To guard against faulty assumptions of risk, Barry Goldman – author of “The Science of Settlement”– recommends that litigants test their assumptions by pretending the claim is a commodity that can be bought and sold on the open market. Doing so will enable plaintiffs and defendants alike to more accurately determine their true subjective value of the claim.

Plaintiffs can test their assumptions of risk by asking what price they would be willing to pay to acquire the same claim if they didn’t already own it, knowing they can profit if the claim is later resolved for more than they paid, but that they will incur a loss if it is resolved for less. In other words, plaintiffs should pretend the claim is a marketable asset that has been put up for sale by a third party. Bearing in mind the cost to prosecute the claim and the possible outcomes – and allowing for a reasonable profit margin – what is the most plaintiff would be willing to pay to purchase the right to pursue such a claim?
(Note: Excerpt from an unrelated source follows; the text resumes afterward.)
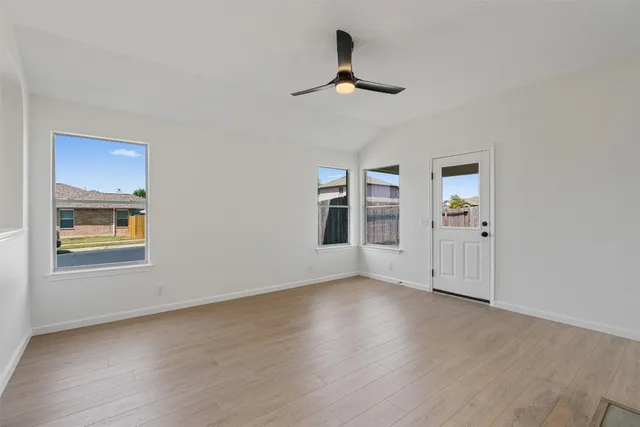 a view of an empty room with a window and wooden floor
Defendants can test their assumptions of risk by asking what price they would charge to defend and indemnify the same claim if not already required to do so, knowing they can profit if the claim is later resolved for less than they charged, but that they will incur a loss if it is resolved for more. In other words, defendants should pretend the claim is the contingent liability of a third party who prefers to pay for someone else to assume the risk. Bearing in mind the cost to defend the claim and the possible outcomes – and allowing for a reasonable profit margin – what is the least defendant would charge to accept responsibility for the claim?

Said somewhat differently, at what prices would plaintiff and defendant each feel confident that they have something to gain and little or nothing to lose? The answers will reveal the parties’ subjective values of the claim, thereby enabling each to adjust for any mistaken assumptions of risk.

Making an accurate assumption of risk is a critical step in the dispute resolution process, without which each party to the dispute will be assuming a greater risk than necessary that the process will end without a resolution.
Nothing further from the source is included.